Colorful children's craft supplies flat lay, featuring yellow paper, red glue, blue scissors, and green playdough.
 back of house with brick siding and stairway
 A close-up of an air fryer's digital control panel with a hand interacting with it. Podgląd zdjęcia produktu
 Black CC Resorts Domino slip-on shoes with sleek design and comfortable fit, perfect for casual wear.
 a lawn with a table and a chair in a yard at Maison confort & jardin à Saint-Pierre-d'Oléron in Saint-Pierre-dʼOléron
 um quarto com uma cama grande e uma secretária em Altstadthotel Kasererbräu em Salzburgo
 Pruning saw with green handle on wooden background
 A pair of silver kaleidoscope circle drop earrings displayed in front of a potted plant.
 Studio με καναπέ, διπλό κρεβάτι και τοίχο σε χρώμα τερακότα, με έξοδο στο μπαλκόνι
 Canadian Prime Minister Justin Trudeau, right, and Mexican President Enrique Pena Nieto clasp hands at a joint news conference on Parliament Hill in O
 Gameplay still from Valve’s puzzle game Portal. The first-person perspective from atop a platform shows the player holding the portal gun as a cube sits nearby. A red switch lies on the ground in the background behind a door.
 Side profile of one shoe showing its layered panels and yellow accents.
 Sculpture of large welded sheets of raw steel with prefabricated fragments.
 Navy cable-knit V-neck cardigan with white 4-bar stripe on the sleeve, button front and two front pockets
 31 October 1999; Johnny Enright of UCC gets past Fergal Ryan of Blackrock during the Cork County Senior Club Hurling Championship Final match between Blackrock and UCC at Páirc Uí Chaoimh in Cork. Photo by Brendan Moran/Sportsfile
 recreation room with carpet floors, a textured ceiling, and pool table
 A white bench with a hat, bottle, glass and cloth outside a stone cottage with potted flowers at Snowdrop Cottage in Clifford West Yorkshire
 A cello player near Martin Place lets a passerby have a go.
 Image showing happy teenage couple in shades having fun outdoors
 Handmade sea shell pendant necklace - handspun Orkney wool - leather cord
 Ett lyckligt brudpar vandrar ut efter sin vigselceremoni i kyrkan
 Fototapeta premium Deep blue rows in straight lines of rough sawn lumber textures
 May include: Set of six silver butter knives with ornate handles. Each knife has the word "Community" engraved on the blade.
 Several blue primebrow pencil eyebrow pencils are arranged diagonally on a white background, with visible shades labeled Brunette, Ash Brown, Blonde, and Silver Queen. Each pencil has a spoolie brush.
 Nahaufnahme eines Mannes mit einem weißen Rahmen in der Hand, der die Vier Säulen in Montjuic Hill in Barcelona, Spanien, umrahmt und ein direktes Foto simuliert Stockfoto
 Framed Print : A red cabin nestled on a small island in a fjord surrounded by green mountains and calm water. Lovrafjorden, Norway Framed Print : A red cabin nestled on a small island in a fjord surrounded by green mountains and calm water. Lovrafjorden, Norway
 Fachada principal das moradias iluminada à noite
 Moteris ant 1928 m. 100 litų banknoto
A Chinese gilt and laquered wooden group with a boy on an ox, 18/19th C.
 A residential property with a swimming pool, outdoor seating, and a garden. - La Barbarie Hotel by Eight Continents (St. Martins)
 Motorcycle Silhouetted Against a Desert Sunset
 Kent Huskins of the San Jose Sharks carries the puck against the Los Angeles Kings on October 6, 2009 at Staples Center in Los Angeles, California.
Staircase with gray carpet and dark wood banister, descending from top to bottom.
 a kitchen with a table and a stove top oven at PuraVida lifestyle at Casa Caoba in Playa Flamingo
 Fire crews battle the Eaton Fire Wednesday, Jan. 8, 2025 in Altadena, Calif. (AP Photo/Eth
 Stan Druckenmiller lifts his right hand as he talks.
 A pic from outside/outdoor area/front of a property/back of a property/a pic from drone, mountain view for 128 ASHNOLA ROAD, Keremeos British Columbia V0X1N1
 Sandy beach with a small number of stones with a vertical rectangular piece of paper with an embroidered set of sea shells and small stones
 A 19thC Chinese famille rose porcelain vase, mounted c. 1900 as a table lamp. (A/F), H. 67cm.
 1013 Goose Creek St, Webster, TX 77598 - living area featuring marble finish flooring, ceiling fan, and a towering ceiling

WORK ITEM
Every record in the listing above is to be copied exactly.

RESPONSE BELOW
Colorful children's craft supplies flat lay, featuring yellow paper, red glue, blue scissors, and green playdough.
 back of house with brick siding and stairway
 A close-up of an air fryer's digital control panel with a hand interacting with it. Podgląd zdjęcia produktu
 Black CC Resorts Domino slip-on shoes with sleek design and comfortable fit, perfect for casual wear.
 a lawn with a table and a chair in a yard at Maison confort & jardin à Saint-Pierre-d'Oléron in Saint-Pierre-dʼOléron
 um quarto com uma cama grande e uma secretária em Altstadthotel Kasererbräu em Salzburgo
 Pruning saw with green handle on wooden background
 A pair of silver kaleidoscope circle drop earrings displayed in front of a potted plant.
 Studio με καναπέ, διπλό κρεβάτι και τοίχο σε χρώμα τερακότα, με έξοδο στο μπαλκόνι
 Canadian Prime Minister Justin Trudeau, right, and Mexican President Enrique Pena Nieto clasp hands at a joint news conference on Parliament Hill in O
 Gameplay still from Valve’s puzzle game Portal. The first-person perspective from atop a platform shows the player holding the portal gun as a cube sits nearby. A red switch lies on the ground in the background behind a door.
 Side profile of one shoe showing its layered panels and yellow accents.
 Sculpture of large welded sheets of raw steel with prefabricated fragments.
 Navy cable-knit V-neck cardigan with white 4-bar stripe on the sleeve, button front and two front pockets
 31 October 1999; Johnny Enright of UCC gets past Fergal Ryan of Blackrock during the Cork County Senior Club Hurling Championship Final match between Blackrock and UCC at Páirc Uí Chaoimh in Cork. Photo by Brendan Moran/Sportsfile
 recreation room with carpet floors, a textured ceiling, and pool table
 A white bench with a hat, bottle, glass and cloth outside a stone cottage with potted flowers at Snowdrop Cottage in Clifford West Yorkshire
 A cello player near Martin Place lets a passerby have a go.
 Image showing happy teenage couple in shades having fun outdoors
 Handmade sea shell pendant necklace - handspun Orkney wool - leather cord
 Ett lyckligt brudpar vandrar ut efter sin vigselceremoni i kyrkan
 Fototapeta premium Deep blue rows in straight lines of rough sawn lumber textures
 May include: Set of six silver butter knives with ornate handles. Each knife has the word "Community" engraved on the blade.
 Several blue primebrow pencil eyebrow pencils are arranged diagonally on a white background, with visible shades labeled Brunette, Ash Brown, Blonde, and Silver Queen. Each pencil has a spoolie brush.
 Nahaufnahme eines Mannes mit einem weißen Rahmen in der Hand, der die Vier Säulen in Montjuic Hill in Barcelona, Spanien, umrahmt und ein direktes Foto simuliert Stockfoto
 Framed Print : A red cabin nestled on a small island in a fjord surrounded by green mountains and calm water. Lovrafjorden, Norway Framed Print : A red cabin nestled on a small island in a fjord surrounded by green mountains and calm water. Lovrafjorden, Norway
 Fachada principal das moradias iluminada à noite
 Moteris ant 1928 m. 100 litų banknoto
A Chinese gilt and laquered wooden group with a boy on an ox, 18/19th C.
 A residential property with a swimming pool, outdoor seating, and a garden. - La Barbarie Hotel by Eight Continents (St. Martins)
 Motorcycle Silhouetted Against a Desert Sunset
 Kent Huskins of the San Jose Sharks carries the puck against the Los Angeles Kings on October 6, 2009 at Staples Center in Los Angeles, California.
Staircase with gray carpet and dark wood banister, descending from top to bottom.
 a kitchen with a table and a stove top oven at PuraVida lifestyle at Casa Caoba in Playa Flamingo
 Fire crews battle the Eaton Fire Wednesday, Jan. 8, 2025 in Altadena, Calif. (AP Photo/Eth
 Stan Druckenmiller lifts his right hand as he talks.
 A pic from outside/outdoor area/front of a property/back of a property/a pic from drone, mountain view for 128 ASHNOLA ROAD, Keremeos British Columbia V0X1N1
 Sandy beach with a small number of stones with a vertical rectangular piece of paper with an embroidered set of sea shells and small stones
 A 19thC Chinese famille rose porcelain vase, mounted c. 1900 as a table lamp. (A/F), H. 67cm.
 1013 Goose Creek St, Webster, TX 77598 - living area featuring marble finish flooring, ceiling fan, and a towering ceiling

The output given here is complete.